Monday, December 21, 2009

looking back

I struggled hard with my decision of whether or not to join AHAV this semester. My reservations were selfish: it was a long commitment to a ministry I had never previously considered before, I didn't know of anyone else who was joining, and I was terrified of the street evangelism portion of the outreach. For some reason, I had no fear of speaking about Christianity or my faith with the homeless, who were people I would see week after week, but I was afraid of the rejection I might receive from the "not homeless" people who I most likely would never meet again. On the other hand, I knew the simple fact that God had given me a heart for the homeless of NYC since 2003 when I was a freshman at NYU. With encouragement from my small group, a good amount of prayer, and the knowledge that this was something God was calling me to do, I decided on the last day to join. And it's been quite the semester.

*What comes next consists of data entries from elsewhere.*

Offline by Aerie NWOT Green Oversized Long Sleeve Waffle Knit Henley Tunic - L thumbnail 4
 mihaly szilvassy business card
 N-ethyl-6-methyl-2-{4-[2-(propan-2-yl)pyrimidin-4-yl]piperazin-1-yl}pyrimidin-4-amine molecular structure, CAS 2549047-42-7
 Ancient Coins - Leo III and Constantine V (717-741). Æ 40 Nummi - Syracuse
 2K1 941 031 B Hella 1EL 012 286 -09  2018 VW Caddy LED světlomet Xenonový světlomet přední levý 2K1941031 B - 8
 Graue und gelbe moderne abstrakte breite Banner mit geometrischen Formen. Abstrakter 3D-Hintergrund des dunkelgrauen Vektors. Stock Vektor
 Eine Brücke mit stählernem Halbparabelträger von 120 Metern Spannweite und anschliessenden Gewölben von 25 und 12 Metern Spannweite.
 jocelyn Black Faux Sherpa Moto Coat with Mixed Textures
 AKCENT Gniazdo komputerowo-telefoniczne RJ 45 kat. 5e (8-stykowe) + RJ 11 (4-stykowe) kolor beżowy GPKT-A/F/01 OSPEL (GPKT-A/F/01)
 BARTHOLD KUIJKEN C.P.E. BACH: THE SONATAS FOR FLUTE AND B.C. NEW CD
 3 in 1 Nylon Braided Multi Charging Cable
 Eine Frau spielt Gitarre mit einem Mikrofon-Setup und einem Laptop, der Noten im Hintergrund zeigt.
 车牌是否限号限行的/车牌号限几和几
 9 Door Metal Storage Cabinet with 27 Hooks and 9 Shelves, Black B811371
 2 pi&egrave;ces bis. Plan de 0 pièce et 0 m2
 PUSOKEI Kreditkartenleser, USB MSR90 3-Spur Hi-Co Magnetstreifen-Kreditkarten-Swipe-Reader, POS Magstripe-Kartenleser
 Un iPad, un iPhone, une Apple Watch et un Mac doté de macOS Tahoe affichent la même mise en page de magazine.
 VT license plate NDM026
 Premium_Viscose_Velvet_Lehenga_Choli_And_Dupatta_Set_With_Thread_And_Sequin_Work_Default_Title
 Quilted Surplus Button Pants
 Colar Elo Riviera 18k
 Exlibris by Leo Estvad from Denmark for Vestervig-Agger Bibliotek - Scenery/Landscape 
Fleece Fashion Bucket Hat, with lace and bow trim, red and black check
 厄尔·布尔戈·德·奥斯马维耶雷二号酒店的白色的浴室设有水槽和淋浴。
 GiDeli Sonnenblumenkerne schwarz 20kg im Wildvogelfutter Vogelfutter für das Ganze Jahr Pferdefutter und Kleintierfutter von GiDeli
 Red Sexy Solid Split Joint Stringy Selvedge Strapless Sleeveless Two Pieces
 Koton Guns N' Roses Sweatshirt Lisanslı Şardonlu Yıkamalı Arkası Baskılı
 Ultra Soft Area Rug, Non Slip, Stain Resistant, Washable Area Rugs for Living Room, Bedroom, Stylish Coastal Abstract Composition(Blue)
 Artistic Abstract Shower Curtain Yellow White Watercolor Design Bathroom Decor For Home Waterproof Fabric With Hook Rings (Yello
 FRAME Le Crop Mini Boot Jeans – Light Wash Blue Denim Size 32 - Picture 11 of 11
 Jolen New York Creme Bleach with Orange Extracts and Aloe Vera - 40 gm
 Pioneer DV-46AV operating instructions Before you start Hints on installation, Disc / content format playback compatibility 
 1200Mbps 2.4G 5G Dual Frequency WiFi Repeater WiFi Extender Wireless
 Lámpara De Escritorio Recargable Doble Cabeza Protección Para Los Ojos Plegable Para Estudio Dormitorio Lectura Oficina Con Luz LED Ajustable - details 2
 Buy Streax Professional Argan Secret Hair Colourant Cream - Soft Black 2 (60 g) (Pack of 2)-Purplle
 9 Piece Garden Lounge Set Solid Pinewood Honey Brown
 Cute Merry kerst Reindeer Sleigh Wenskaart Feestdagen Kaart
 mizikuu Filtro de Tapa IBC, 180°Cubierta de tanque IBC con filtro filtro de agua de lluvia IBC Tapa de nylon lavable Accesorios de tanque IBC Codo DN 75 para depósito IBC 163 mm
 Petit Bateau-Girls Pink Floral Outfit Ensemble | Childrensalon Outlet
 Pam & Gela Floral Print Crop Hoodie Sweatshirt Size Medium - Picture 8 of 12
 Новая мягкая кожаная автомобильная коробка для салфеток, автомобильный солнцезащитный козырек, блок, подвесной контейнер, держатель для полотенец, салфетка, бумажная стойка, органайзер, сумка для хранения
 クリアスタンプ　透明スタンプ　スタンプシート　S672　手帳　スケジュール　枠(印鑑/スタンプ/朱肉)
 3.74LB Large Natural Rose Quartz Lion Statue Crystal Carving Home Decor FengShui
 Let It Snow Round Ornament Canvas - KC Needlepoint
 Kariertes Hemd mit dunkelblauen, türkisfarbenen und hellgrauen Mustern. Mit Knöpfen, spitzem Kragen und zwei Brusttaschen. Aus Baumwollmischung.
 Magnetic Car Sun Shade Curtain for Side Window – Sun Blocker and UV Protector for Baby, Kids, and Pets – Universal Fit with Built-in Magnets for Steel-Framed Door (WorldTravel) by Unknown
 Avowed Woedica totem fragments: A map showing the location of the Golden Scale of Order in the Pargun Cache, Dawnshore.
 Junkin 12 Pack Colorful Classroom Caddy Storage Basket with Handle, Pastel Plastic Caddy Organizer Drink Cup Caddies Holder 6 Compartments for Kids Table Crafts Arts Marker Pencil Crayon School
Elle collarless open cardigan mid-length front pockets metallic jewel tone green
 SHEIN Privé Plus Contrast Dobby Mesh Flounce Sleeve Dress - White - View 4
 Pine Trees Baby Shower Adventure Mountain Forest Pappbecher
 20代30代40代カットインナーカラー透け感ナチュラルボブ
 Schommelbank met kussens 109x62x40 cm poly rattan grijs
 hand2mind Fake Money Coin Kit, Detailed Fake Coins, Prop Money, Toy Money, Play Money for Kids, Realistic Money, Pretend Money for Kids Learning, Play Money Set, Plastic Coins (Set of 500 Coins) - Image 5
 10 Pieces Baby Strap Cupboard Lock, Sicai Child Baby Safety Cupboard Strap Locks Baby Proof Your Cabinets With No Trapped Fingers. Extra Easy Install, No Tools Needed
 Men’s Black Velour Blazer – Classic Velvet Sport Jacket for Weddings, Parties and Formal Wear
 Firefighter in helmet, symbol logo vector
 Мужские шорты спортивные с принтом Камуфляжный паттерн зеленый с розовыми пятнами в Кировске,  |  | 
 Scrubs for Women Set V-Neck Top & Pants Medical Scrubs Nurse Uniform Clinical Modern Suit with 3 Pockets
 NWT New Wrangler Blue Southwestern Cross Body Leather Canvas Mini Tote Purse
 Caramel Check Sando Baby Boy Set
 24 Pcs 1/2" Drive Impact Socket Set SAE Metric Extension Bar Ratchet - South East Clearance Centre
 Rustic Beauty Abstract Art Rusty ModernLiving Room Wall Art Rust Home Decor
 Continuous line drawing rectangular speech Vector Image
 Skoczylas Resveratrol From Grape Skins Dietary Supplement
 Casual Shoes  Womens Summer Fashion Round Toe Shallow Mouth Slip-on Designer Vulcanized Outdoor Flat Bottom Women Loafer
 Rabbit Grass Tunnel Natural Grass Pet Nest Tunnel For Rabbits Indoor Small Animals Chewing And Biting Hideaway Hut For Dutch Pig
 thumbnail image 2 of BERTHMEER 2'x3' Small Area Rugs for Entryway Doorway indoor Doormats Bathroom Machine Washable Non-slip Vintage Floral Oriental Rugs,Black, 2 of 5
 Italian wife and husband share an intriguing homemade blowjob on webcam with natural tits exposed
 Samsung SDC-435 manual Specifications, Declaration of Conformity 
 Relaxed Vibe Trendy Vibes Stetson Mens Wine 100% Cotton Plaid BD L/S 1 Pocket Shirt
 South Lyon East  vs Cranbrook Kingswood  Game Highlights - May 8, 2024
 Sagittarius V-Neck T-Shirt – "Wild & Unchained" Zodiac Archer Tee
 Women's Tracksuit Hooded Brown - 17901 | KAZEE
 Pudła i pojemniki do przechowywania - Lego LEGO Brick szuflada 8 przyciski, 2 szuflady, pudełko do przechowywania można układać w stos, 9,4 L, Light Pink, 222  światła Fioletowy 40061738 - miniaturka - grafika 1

Looking back at the past four months, there are a few major things I'll take away from having served in AHAV. First and foremost are the relationships I've built at Open Doors with the homeless and the impact we've made on each other. There is one friendship I built at AHAV that particularly left an impact on me. I met a woman, Lynne, who worked as a restaurant cook before a series of unfortunate events hit that suddenly left her homeless. It is not her story that shocked me but the love she exhibited for aspects of her life that were not taken away by homelessness. Her passion for reading, for starters, specifically of Joyce Carol Oates' writing, was something I admired and discussed with her each week despite the fact that I rarely read anything that's not required of me (or has lots of pictures). Lynne was so grateful for still having the ability to read, to get books and newspapers, and above all to now have "all the time in the world" to read that it's hard to not admire her spirit. I don't know the last time I looked at life like that but it certainly put things into better perspective for me. Beyond books, however, Lynne and I discussed our personal struggles and frustrations, our faiths (she's Catholic), and our hopes for the future. The week I met Lynne, she shared with me her story and allowed me to pray for her. The next week after praying together, she asked me how I was doing and though I hesitated at first, I told her about my struggles at work. The following Sunday she told me she prayed for me all week and asked if I could feel it, and it was seriously one of the biggest blessings I've ever experienced.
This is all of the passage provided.